<div align="center">
[](https://crates.io/crates/authotron)
[](https://github.com/ecmwf/auth-o-tron/blob/main/LICENSE.txt)
[](https://github.com/ecmwf/codex/raw/refs/heads/main/ESEE)
[](https://github.com/ecmwf/codex/raw/refs/heads/main/Project%20Maturity)
[](https://sites.ecmwf.int/docs/authotron/main/)
</div>
> [!IMPORTANT]
> This software is **Emerging** and subject to ECMWF's guidelines on [Software Maturity](https://github.com/ecmwf/codex/raw/refs/heads/main/Project%20Maturity).

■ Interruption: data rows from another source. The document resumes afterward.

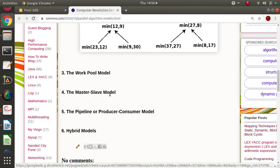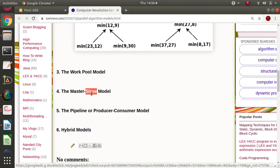Next is the master slave model. Here, one process is called the master process and the other processes are called slave processes. The master process allocates tasks to the slave processes, and this model is called the master slave model.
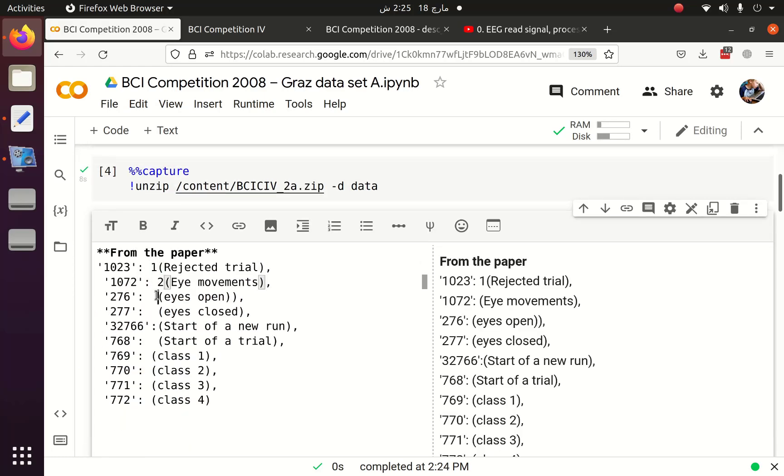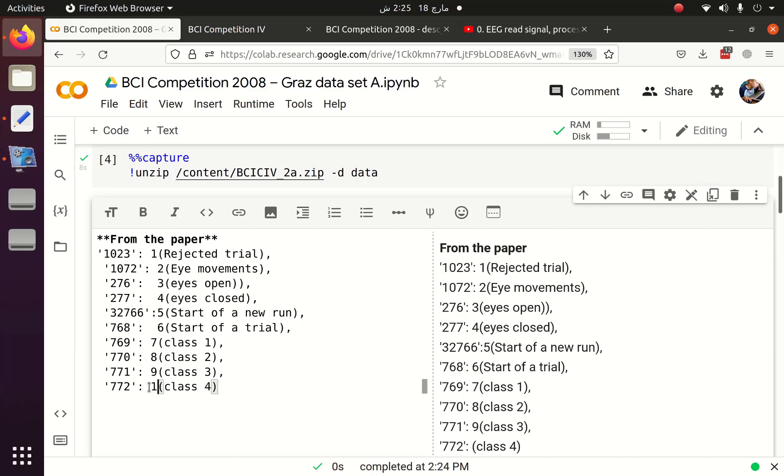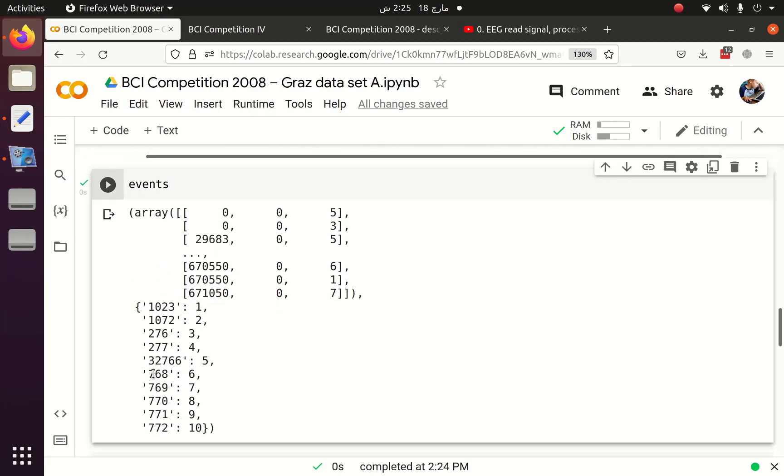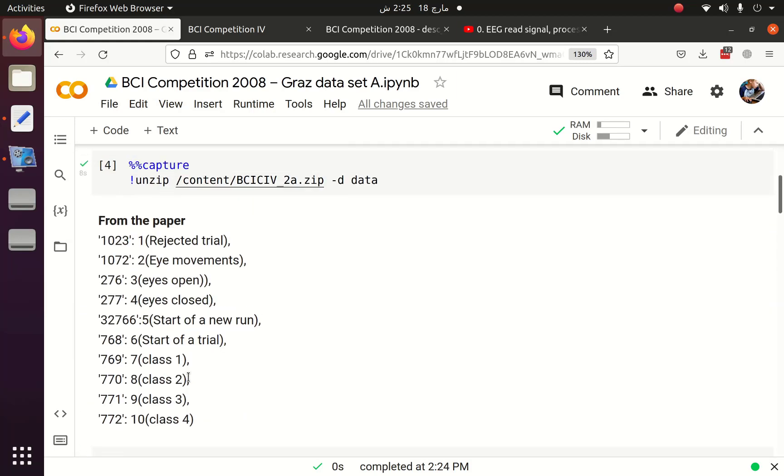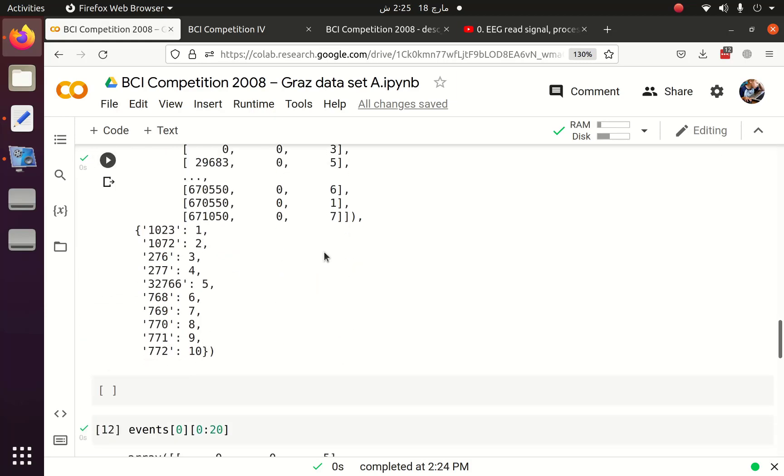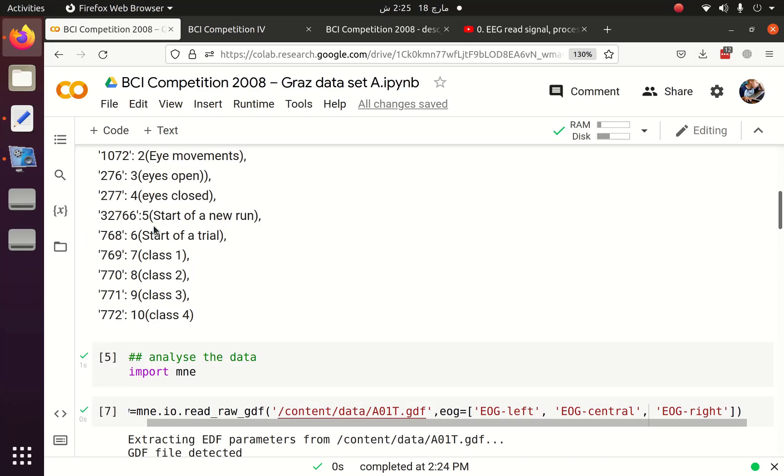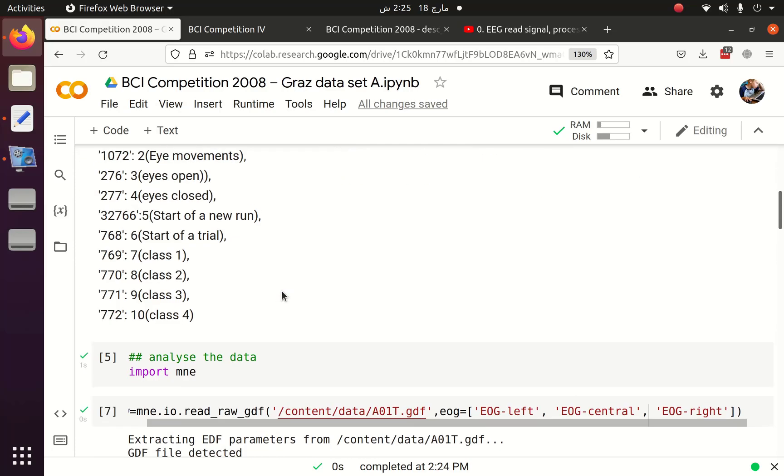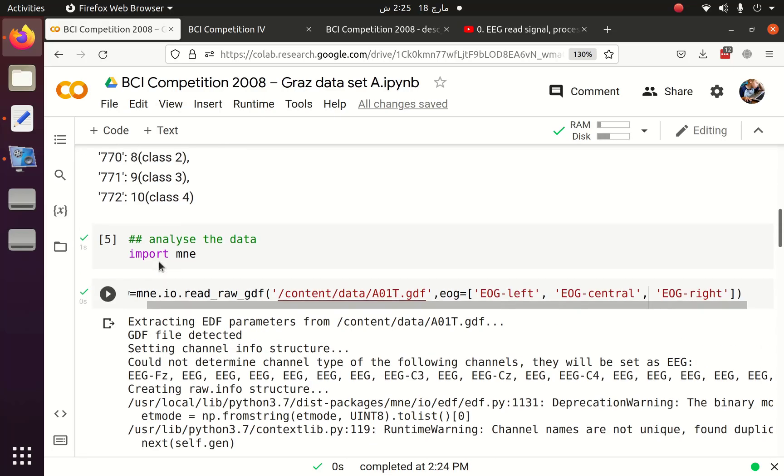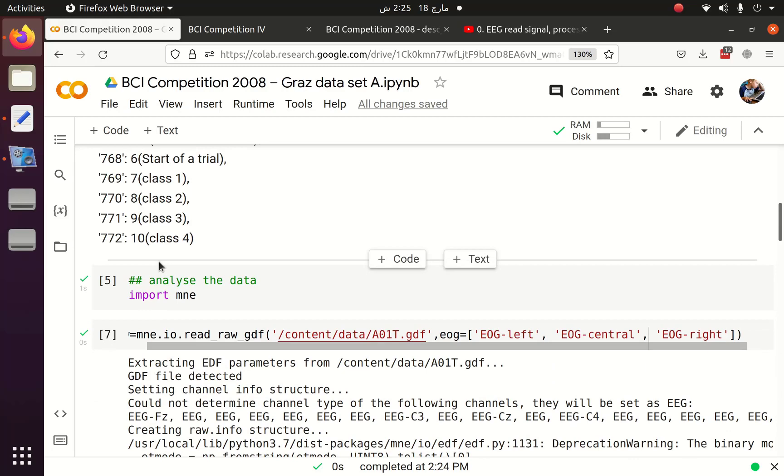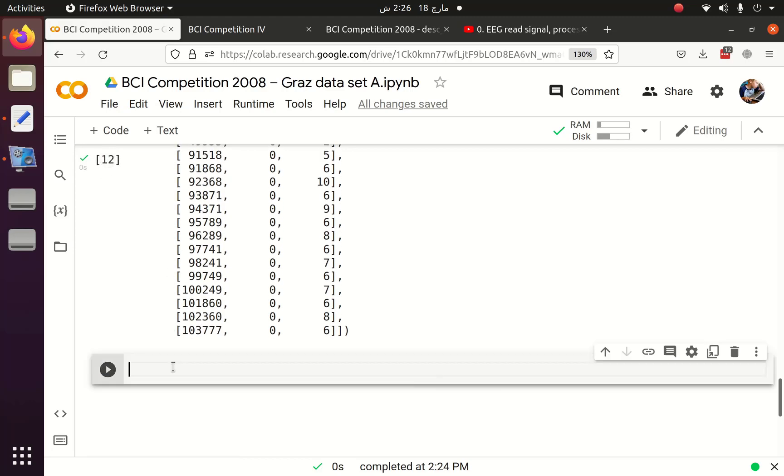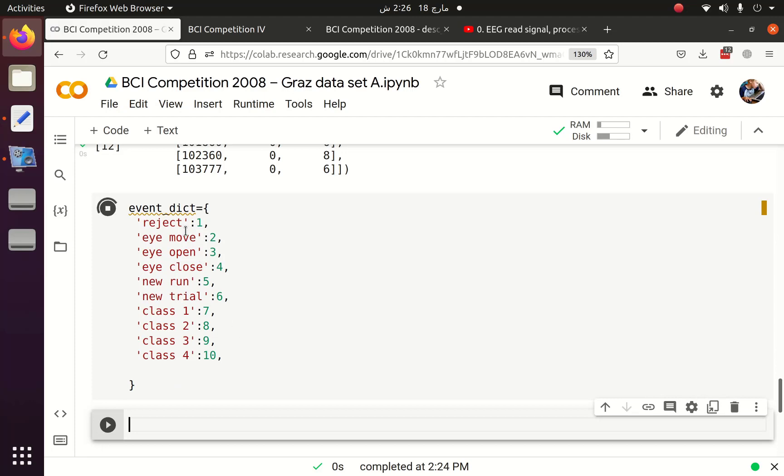1072 is 2, so literally 3. If we check this 772 here, this is actually 10. 768 is 6, start of the trial. So if it is 5, it means that this is the start of new run. If it is 7, it means that it is class 1. So we need 4 things, 4 events from this. We need 6, 7, 8, 9, 10 events. Or I believe 7, 8, 9, 10 events, not the sixth one. So I am going to create an event dictionary which is actually like this: if it is 1, it is reject; if it is 2, it is eye movement; if it is 3, it is eye open; if it is 4, it is eye closed; then it is class 4.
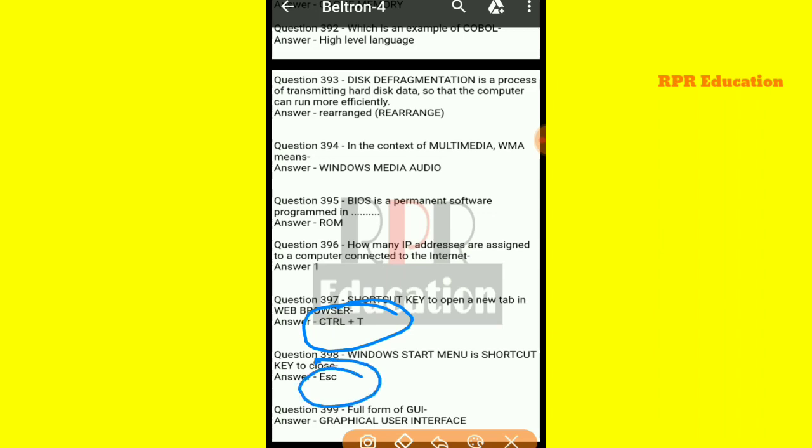And next one: what is the full form of GUI? The full form of GUI is Graphical User Interface.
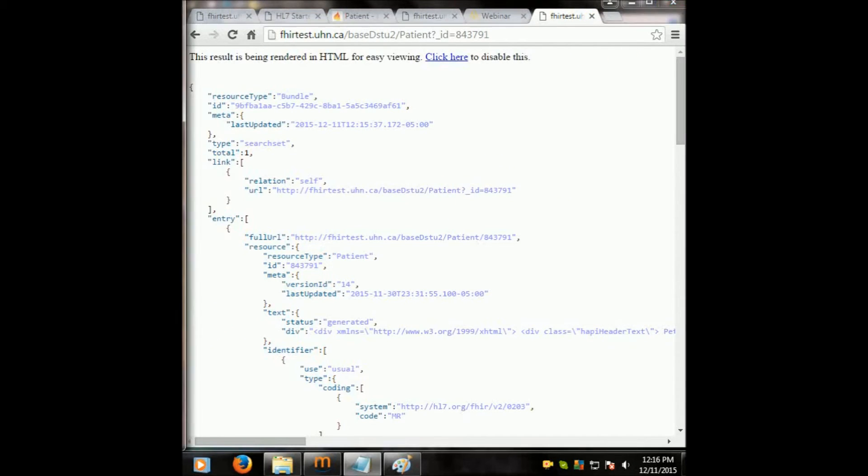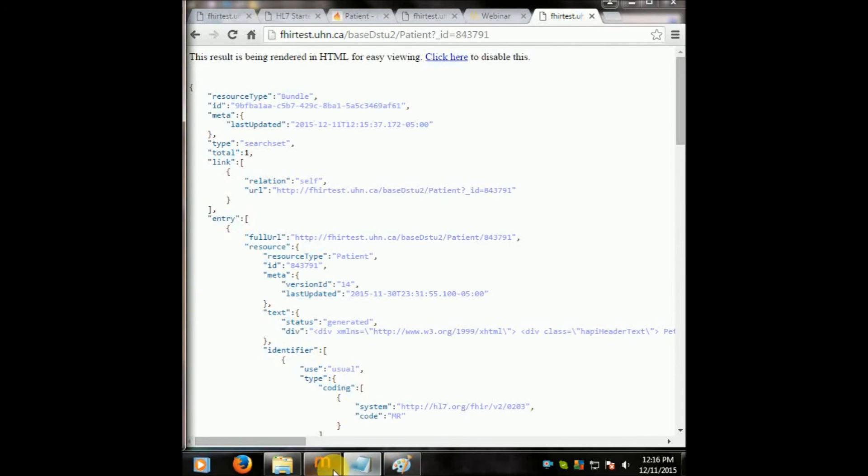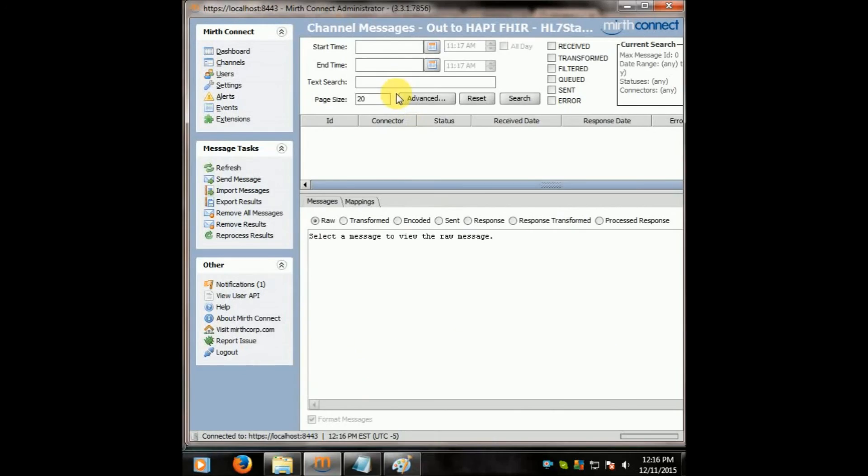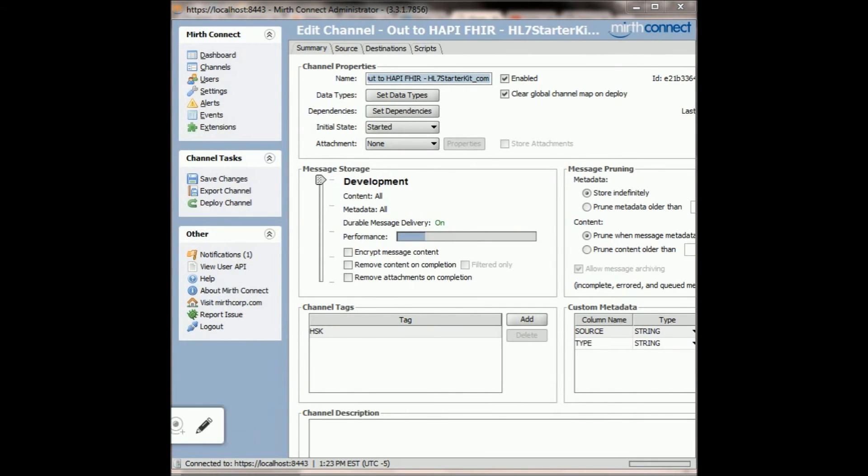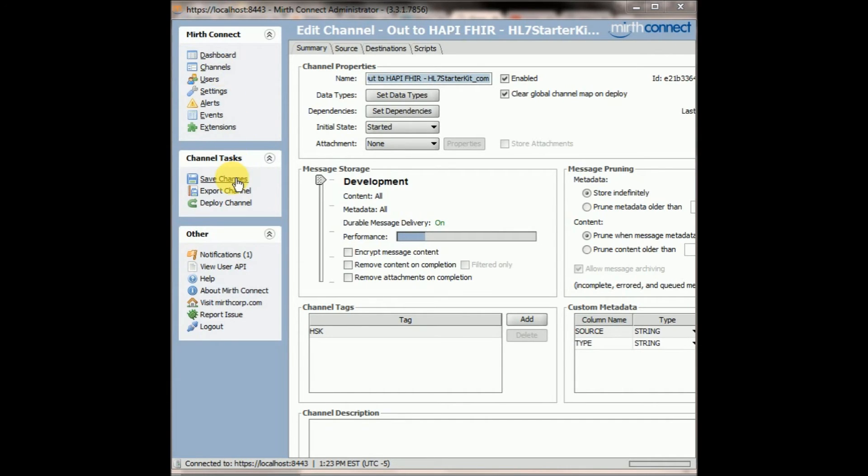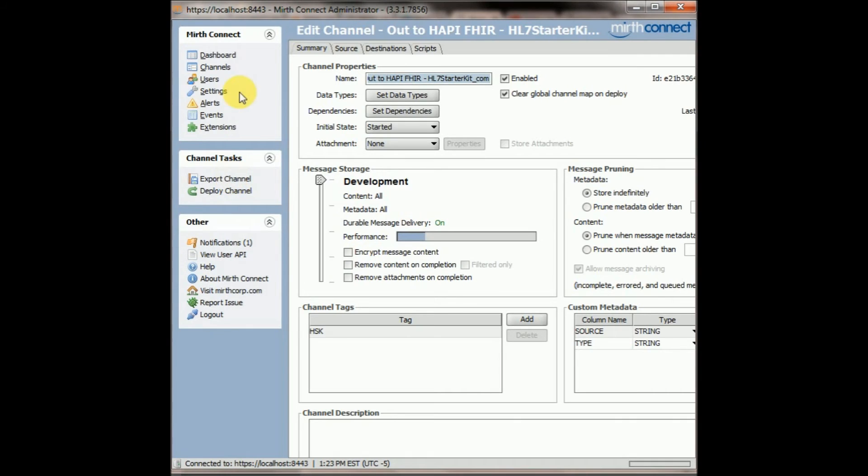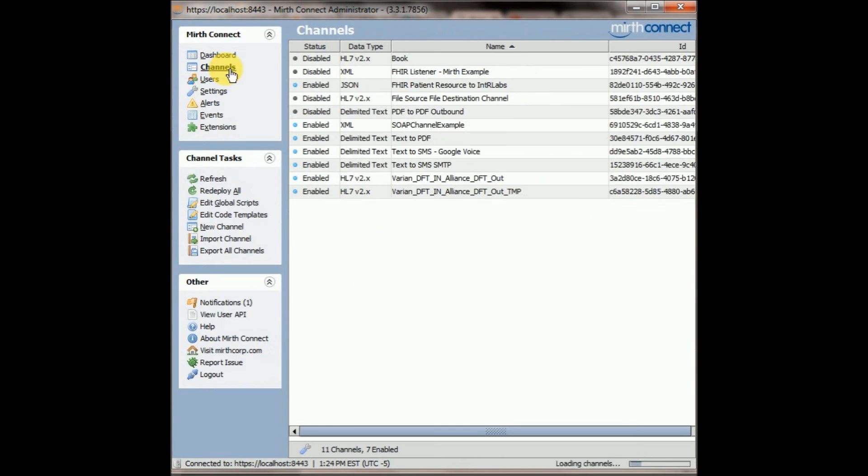All right, so that was step one. Step two, import the channel I created, which will do all the magic for you, import that into your Mirth 331. So let's go take a look to your Mirth 331. So import the channel, grab the channel and import it. I just did that and click save.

Effortless authentication and authorization for web APIs.
* Easily configure HTTP APIs to use a variety of authentication providers.
* Make requests to Auth-O-Tron from your service, or simply use Auth-O-Tron as an ingress auth proxy.
## Why do I need Auth-O-Tron?
Modern authentication providers are great for securely authenticating and authorizing interactive users in a browser. However, they often lack sensible flows for access to web APIs, especially in a machine-to-machine environment. Auth-O-Tron is a simple service that sits between your API and your authentication providers, allowing you to easily configure your API to use a variety of authentication providers.
## How does it work?
Auth-O-Tron is deployed as a standalone service alongside your ingress (e.g. NGINX `auth_request`). It validates credentials, enriches users with roles and attributes, and returns a signed JWT that your backend services can trust.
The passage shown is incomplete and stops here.